But unlike in a commercial flight, once in the air we could walk around freely to any part of the plane, including the cockpit. The plane flew east until we were over the ocean, where we waited for the fighter jets to come. The inside of the Stratotanker looks like what you would expect from a cargo plane, like from the movies. But the back has what makes this plane so important: the boom that refuels the jets in midair.
To get to the boom, I stepped down into a lowered area, with room for three people to lay down on their stomach, facing away from the front of the plane. Clear plexiglass gave us a perfect view of the ocean below and of the fighter jets as they approached. The boom operator laid down in the middle with a chin rest keeping her head up, her hands on the joysticks below. She controlled the long mechanical arm that extended out to touch the jets.
The jets would fly up one at a time and match the Stratotanker’s speed, just about 20 feet away from us. The boom operator would then extend the mechanical arm out until, with a loud suction noise, it made contact with the refueling circle on the fighter jet. The fuel pumps so fast that the planes had to stay in place for only a few minutes. Then the fighter jet would break away from the Stratotanker, appearing from my view to simply glide away.
After the flight, I asked one of the Stratotanker pilots, Maj. Bryan Dickens, whether his job ever got boring.

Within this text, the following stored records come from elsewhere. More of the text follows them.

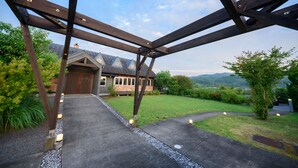 Una estructura de pérgola de madera con vista a una casa y follaje circundante.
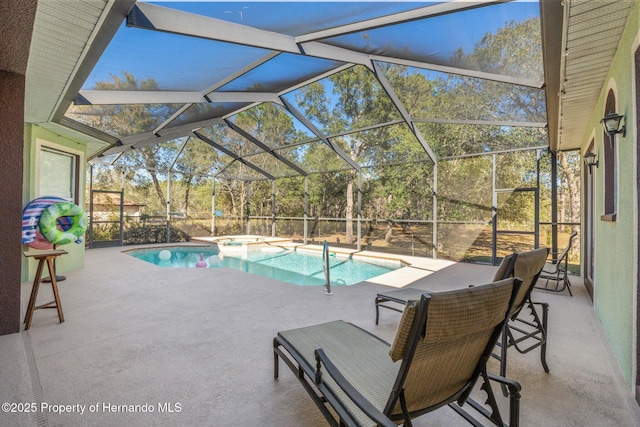 outdoor pool featuring a lanai and a patio area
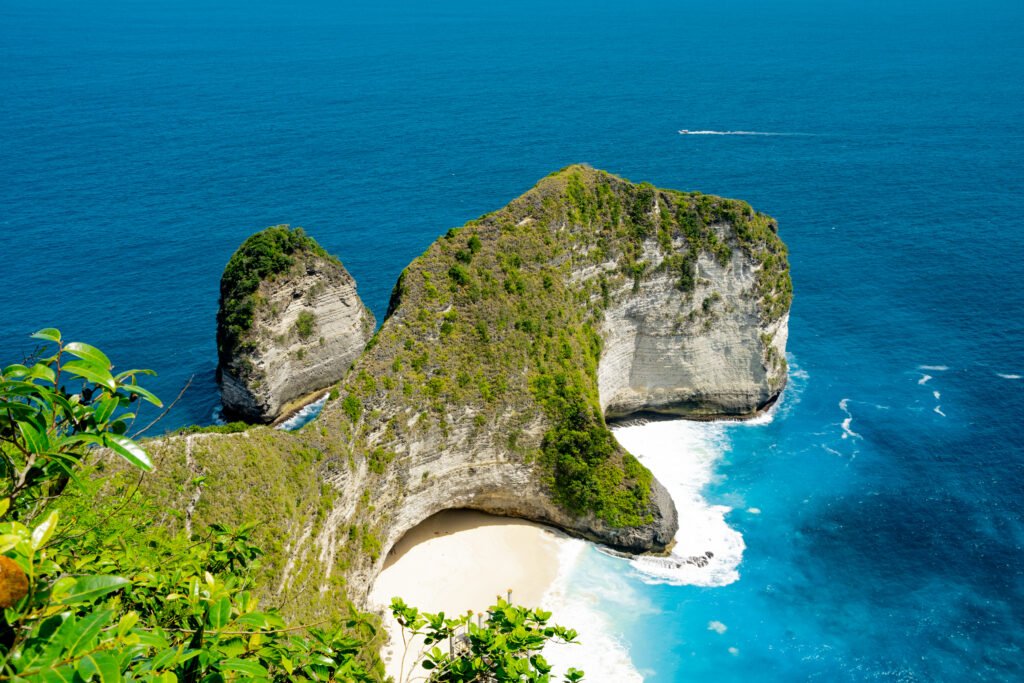 The dinosaur shaped cliff called Kelingking cliff stands firm covered with green lush and surrounded by clear blue water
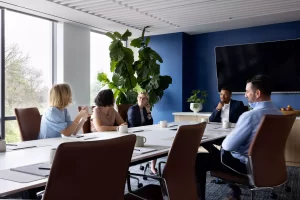"Image: A group of professionals gathered in a conference room within a mold-free office building. The atmosphere is conducive to productive discussions and presentations, emphasizing cleanliness and healthiness."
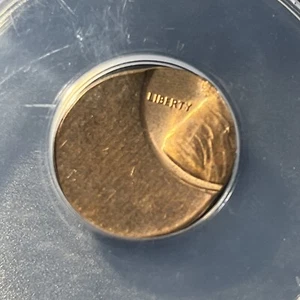(ND) 1C ERROR ANANCS MS 63 RB STRUCK 70% OFF CENTER AT K-1:00 LINCOLN PENNY - Picture 1 of 4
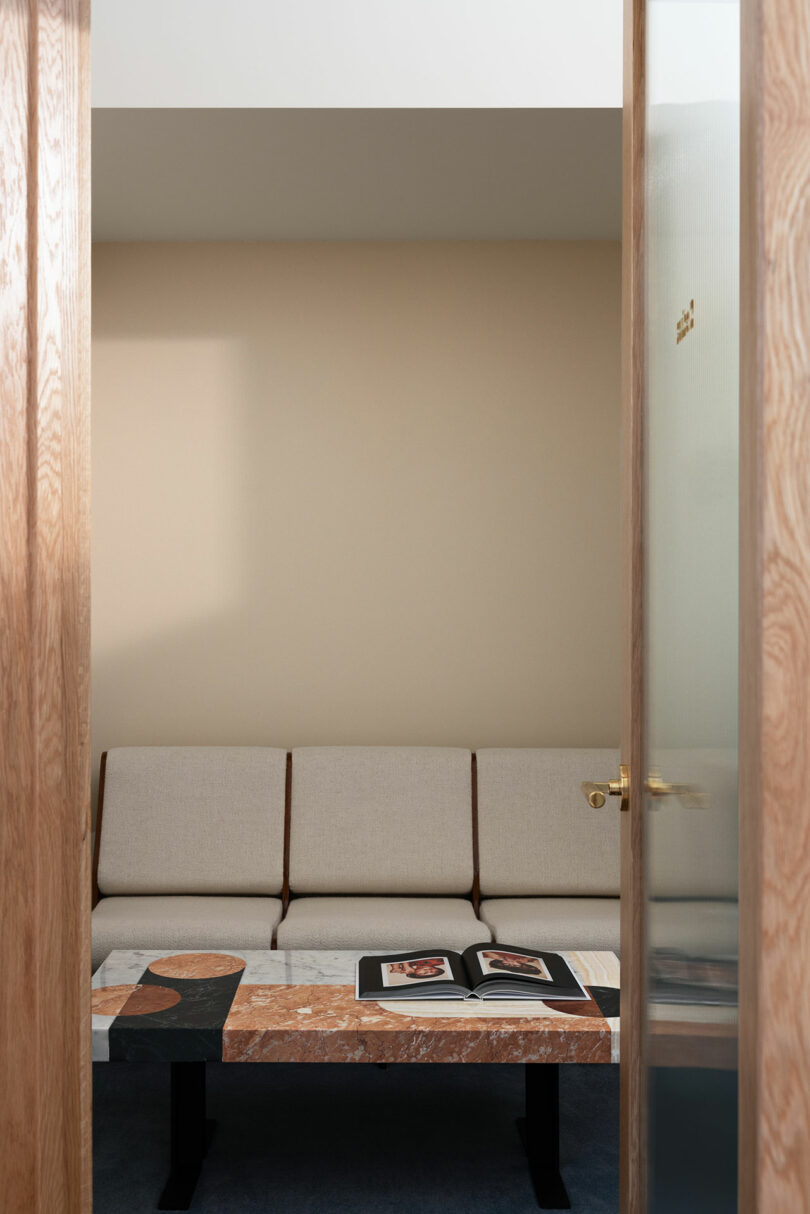 Modern living room with a beige sofa facing a small table with books, framed by wooden doorways with glass panels.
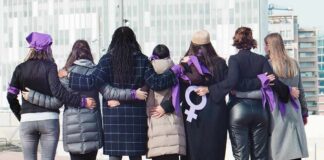 Group of women standing arm in arm with purple ribbons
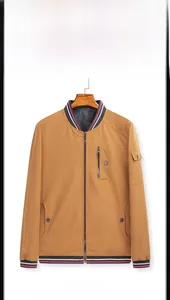 Detailed front view of mustard yellow reversible bomber jacket with striped ribbed cuffs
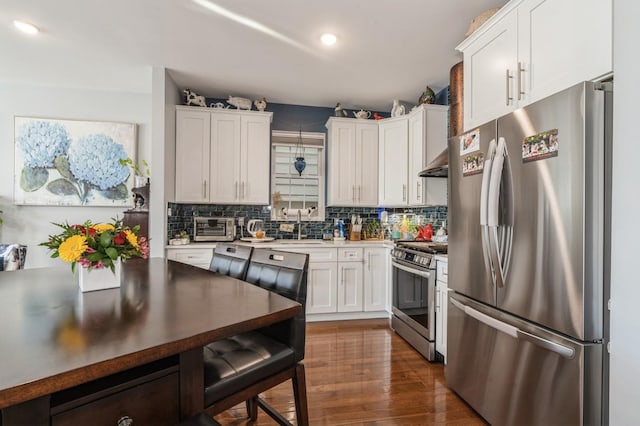 kitchen featuring appliances with stainless steel finishes, sink, white cabinets, dark hardwood / wood-style flooring, and backsplash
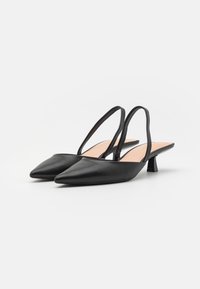 Mustad nahast slingback kingad terava varbaga, minimalistlik disain, väike plokkninak ja avatud selg hõlpsaks jalga panemiseks.
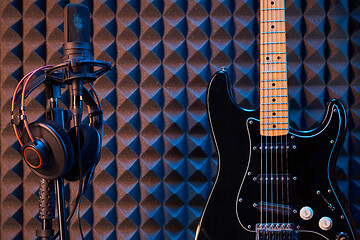 Image showing Black electric guitar and microphone with professional headphones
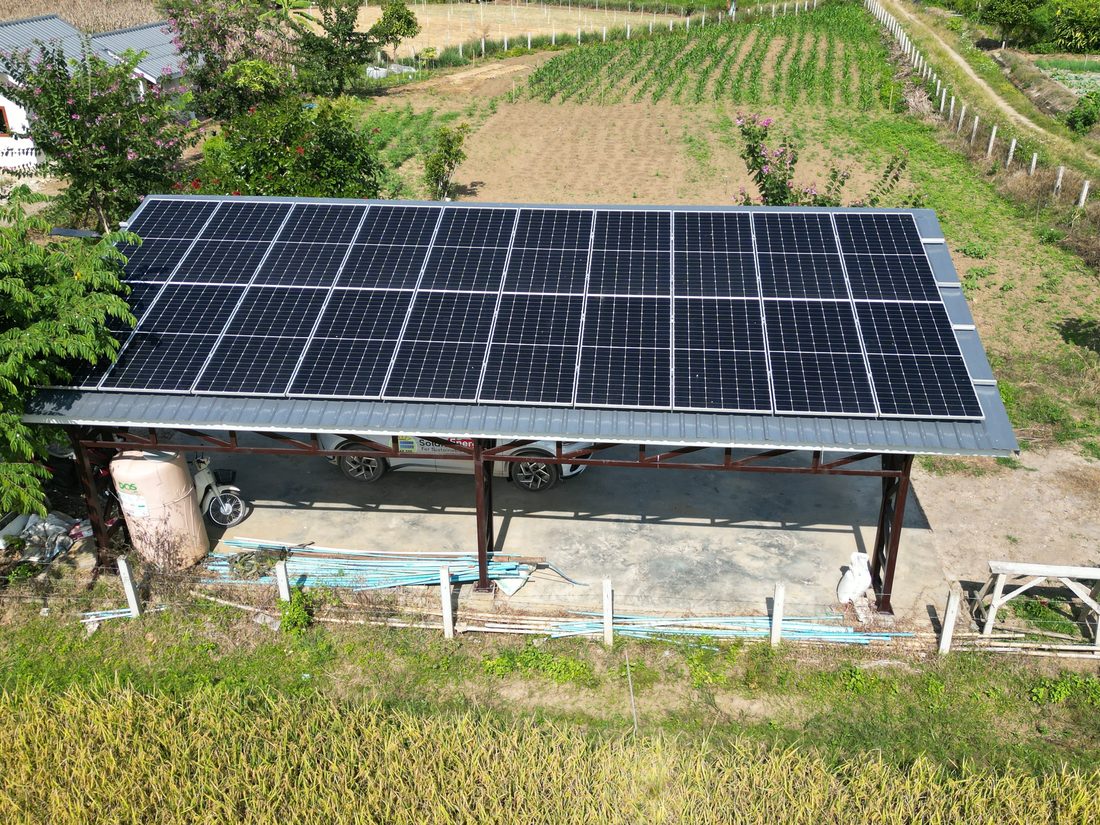 Array on a raised shed roof among the fields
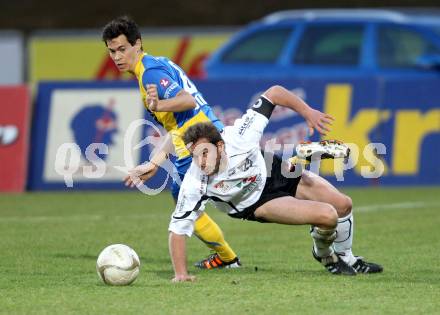 Fussball. Erste Liga.  WAC/St. Andrae gegen Vienna. Gernot Messner,  (WAC), Marcel Toth (Vienna). Wolfsberg, 27.3.2012. 
Foto: Kuess

---
pressefotos, pressefotografie, kuess, qs, qspictures, sport, bild, bilder, bilddatenbank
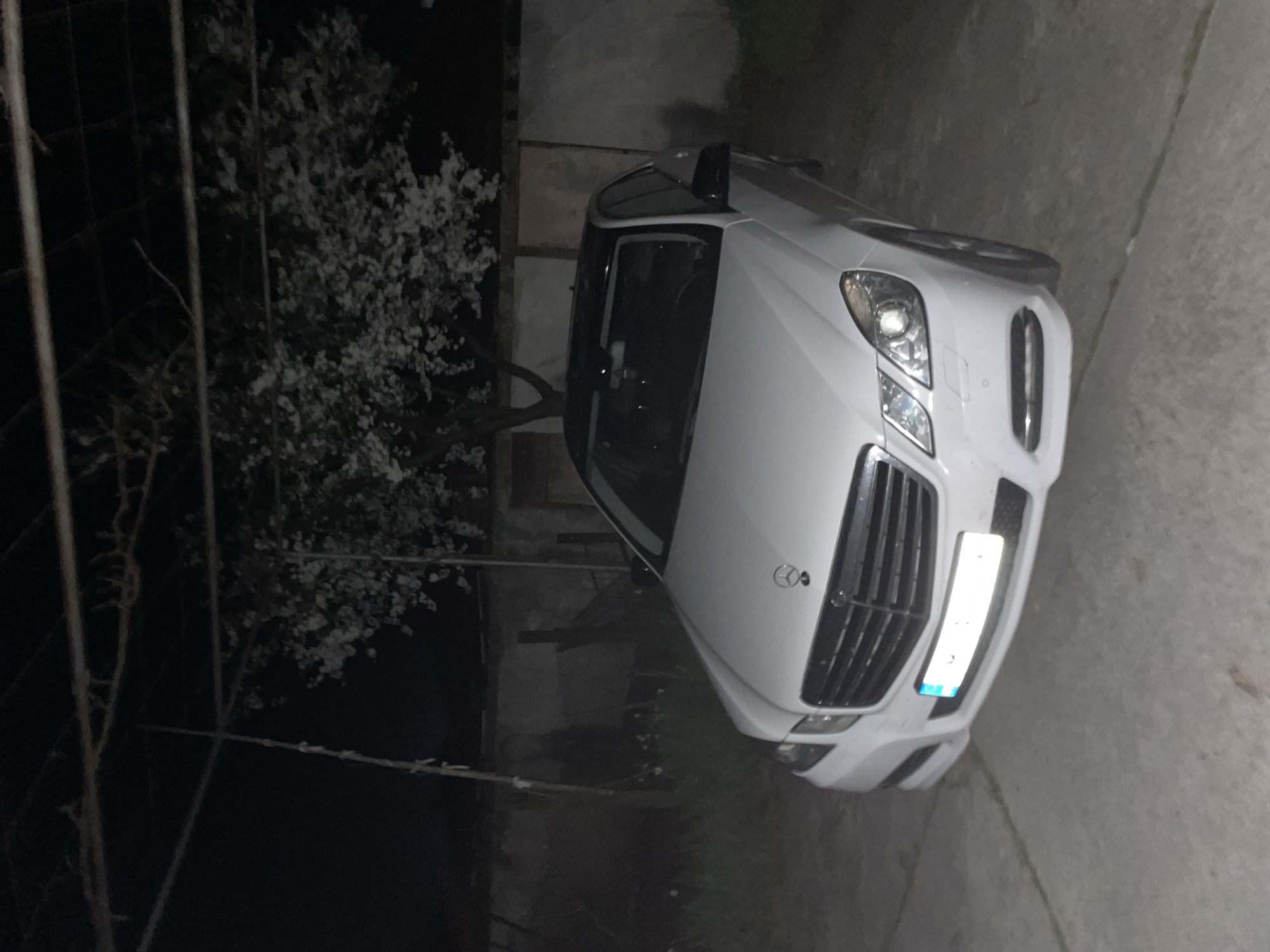 White Mercedes photographed with occupant in Zlatograd, Bulgaria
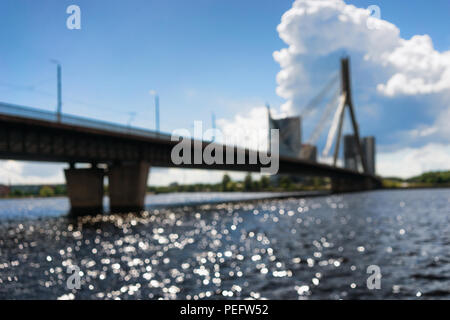 Schrägseilbrücke über den Fluss Daugava in Riga an einem sonnigen Tag mit Reflexionen auf dem Wasser. Verschwommen Stockfoto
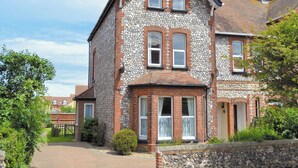 Une maison à deux étages avec une façade en pierre, un toit en tuiles et un petit jardin à l’avant.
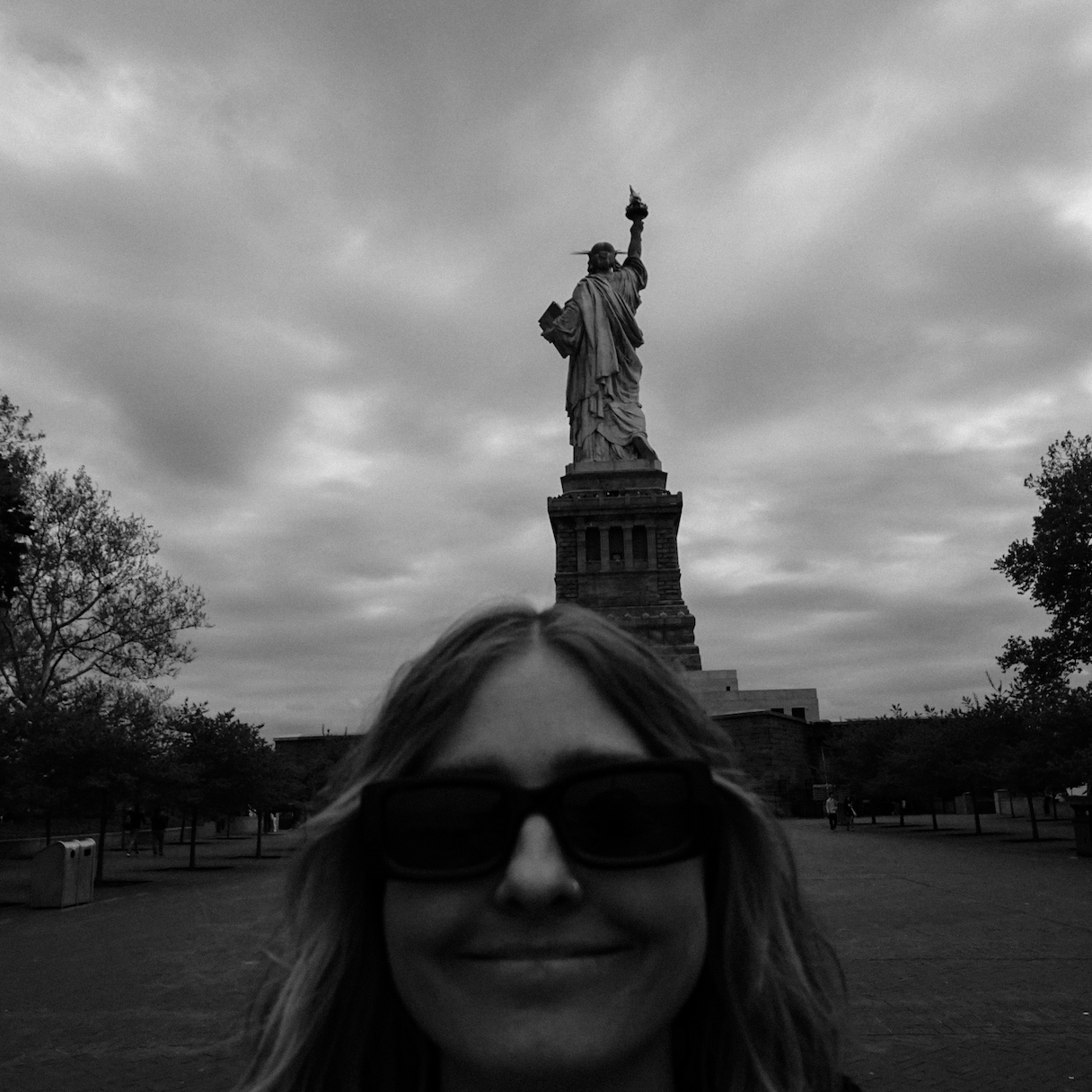 Alexa smiling in a plaza on Liberty Island behind the Statue of Liberty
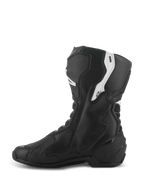 Stivali Alpinestars Stella SMX-6 V3, stivali da moto performanti da donna, nero e bianco, vista laterale mediale con tomaia ergonomica in microfibra, protezioni in TPU per stinco e caviglia, zone in mesh flessibile e design aerodinamico per uso su pista e strada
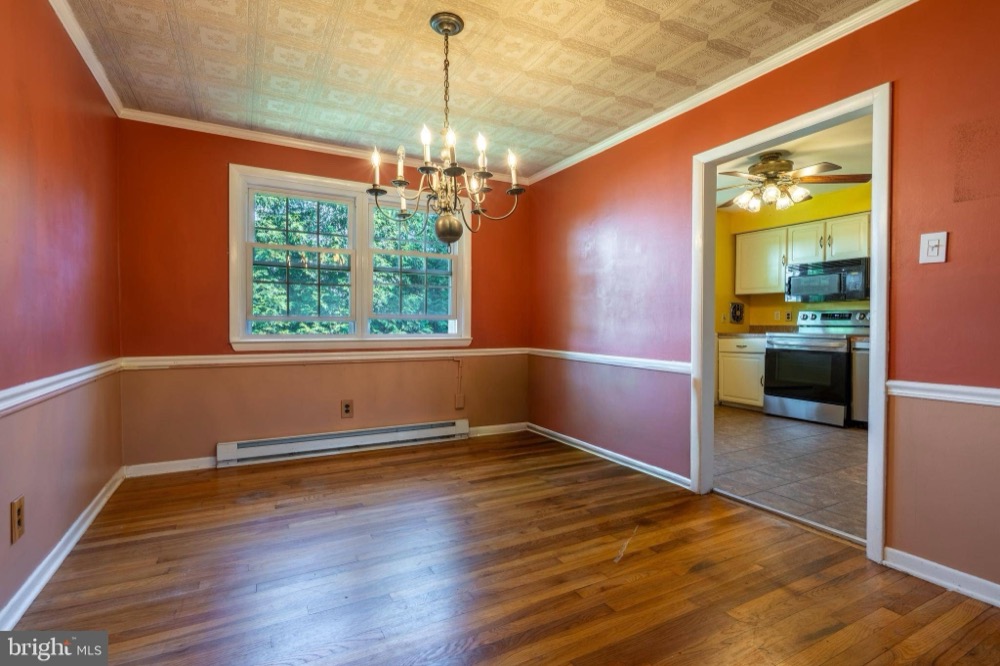 Raw listing photo — dining room and kitchen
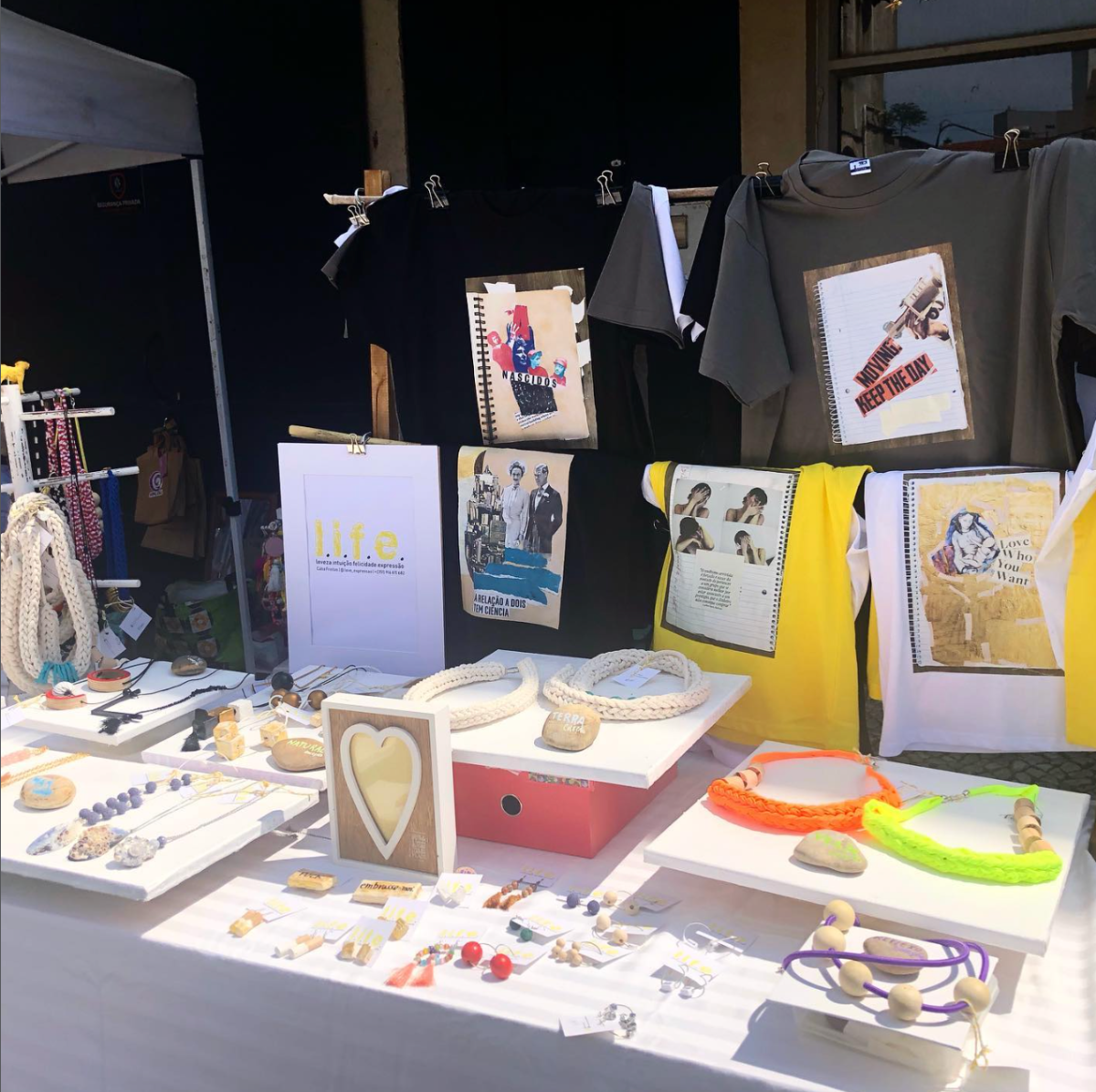 Banca de mercado com peças de bijuteria e t-shirts estampadas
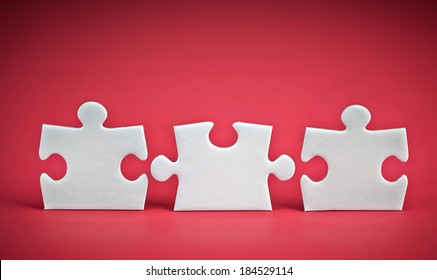 Three Puzzle Pieces On Red Background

When on deployment and flying five to six missions each week, yes, he said, the job can get old.
But when flying only once or twice a week when he’s back on a base? “It’s really exciting,” he said. “I think we take it for granted sometimes how cool a job it really is.”
A huge impact
I later called Maj. Shannon Mann, commander of the 916th Force Support Squadron, to ask about the base’s relationship with Johnston County. She said Seymour Johnson has a huge impact on Johnston and other surrounding counties, and vice versa.
“We are taking those dollars that we make at the base and we’re spending those locally,” she said. About 100 people who work on the base live in Johnston County. Mann lives in Clayton.
“Some of us shop at the commissary, but when I need something, I go to the Walmart on Highway 70 or the Lowe’s Foods,” Mann said. “We’re definitely running that money back around into Johnston County.”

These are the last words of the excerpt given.